C3_W2 Content-based filtering assignment - Predictions for new user way off in exercise 5.1

I have noticed that the model’s predictions for a new user are quite suspicious and off. Given these features for example:

new_user_id = 5001
new_rating_ave = 0.0
new_action = 0.0
new_adventure = 0.0
new_animation = 5.0
new_childrens = 5.0
new_comedy = 5.0
new_crime = 0.0
new_documentary = 0.0
new_drama = 0.0
new_fantasy = 0.0
new_horror = 0.0
new_mystery = 0.0
new_romance = 0.0
new_scifi = 0.0
new_thriller = 0.0
new_rating_count = 3

user_vec = np.array([[new_user_id, new_rating_count, new_rating_ave,
                      new_action, new_adventure, new_animation, new_childrens,
                      new_comedy, new_crime, new_documentary,
                      new_drama, new_fantasy, new_horror, new_mystery,
                      new_romance, new_scifi, new_thriller]])

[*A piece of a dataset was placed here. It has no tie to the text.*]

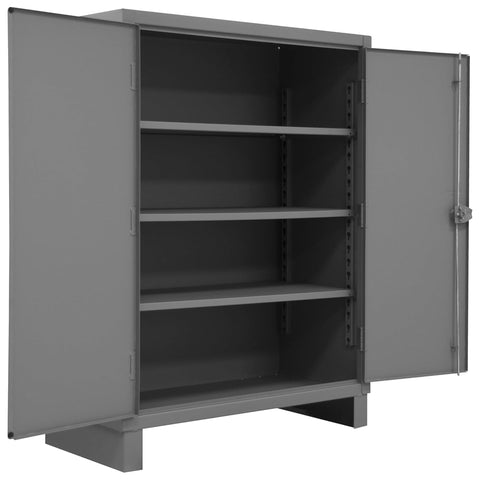 Oakestry Extra Heavy Duty Cabinet 48 x 24 x 66 in 12 Gauge Steel 3 Adjustable Shelves Recessed Doors Pad Lock Handle Gray Storage Cabinet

Produces these predictions:

In fact, I’ve tried several combinations of ratings and the documentary films are always at the top of the list, the Fog of War being #1 no matter what I do.

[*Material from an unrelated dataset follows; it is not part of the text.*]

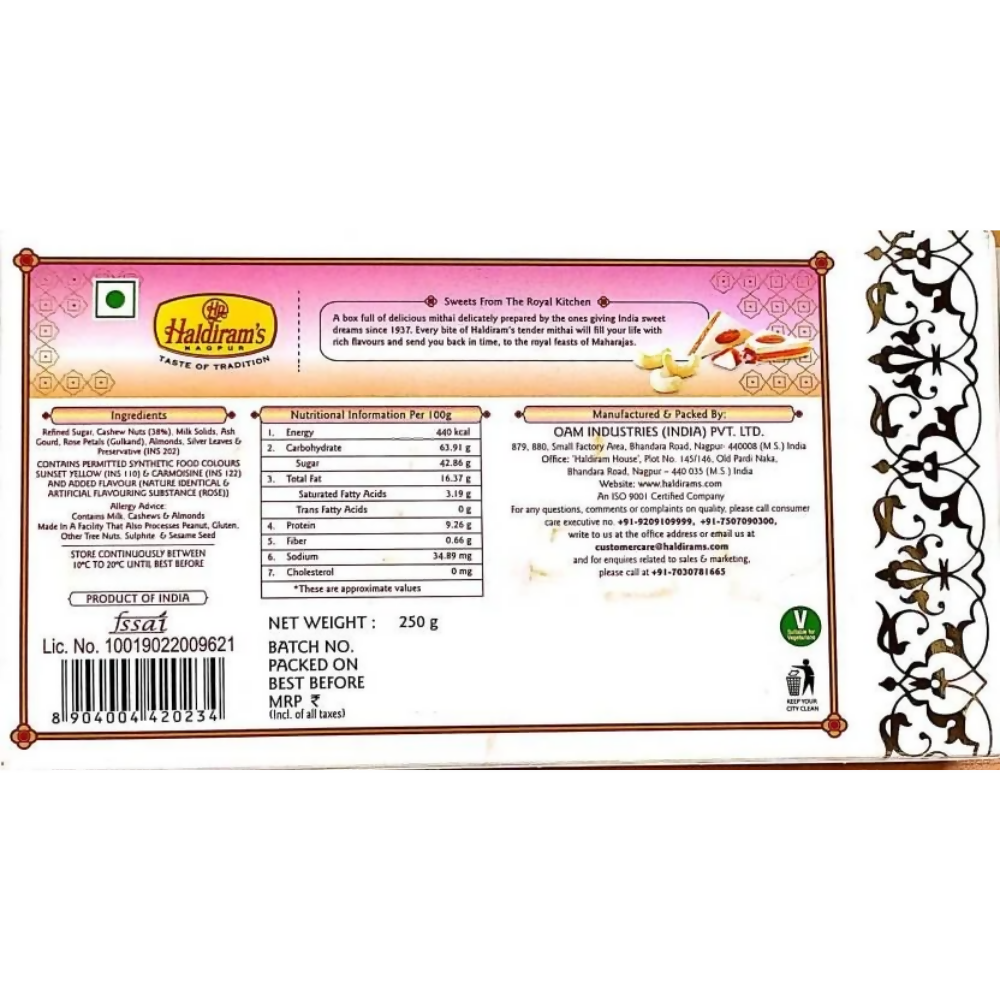 Haldiram's Kaju Sangam Burfee - Distacart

Is this to be expected or perhaps I am misunderstanding the premise of this exercise?

The previous instance of this course (prior to DLAI) had a similar quirk. It almost always recommended that everyone watch a movie called “Santa with Muscles”.

The reason was that this movie had only one rating, but it was highly ranked for all categories. The recommender algorithm had no requirement about how many users had reviewed a movie before it would be recommended to others.

I have not investigated this specific issue you are discussing, but I am pretty comfortable with this being a quirk of the dataset.

I will look into this soon if I find some time.

Thank you, I appreciate the quick reply and clarification! That is an interesting conundrum. I’m curious to understand what’s going on, but at least I can rest easy now knowing it wasn’t just me.

Hi @TMosh, I think the problem I observed earlier was a red herring - I should’ve specified that when I ran the example above, it was in a notebook running on my machine locally (Macbook Air with M2 chip) using Tensorflow 2.15.0. I was also using tf.keras.optimizers.legacy.Adam for the optimizer and the model’s evaluated loss was 0.1253.

I re-ran the the examples in Coursera’s environment and the model’s loss was much lower, 0.0815, and the predictions were much more accurate as well. Those documentaries (e.g Fog of War) were no longer showing up at the top of the rankings between predictions.

I don’t know what exactly between the different packages and hardware caused such different results in each environment, but it doesn’t seem to be due to the dataset after all (I couldn’t spot anything quirky about it after looking through the data).

Keras makes lots of changes that are not backward-compatible. Sometimes they even re-scale the cost values using a different algorithm, or they change which options are used as the defaults.

It makes swapping versions extremely problematic.

That’s why the versions used by the notebooks are fixed to a specific set hosted by Coursera.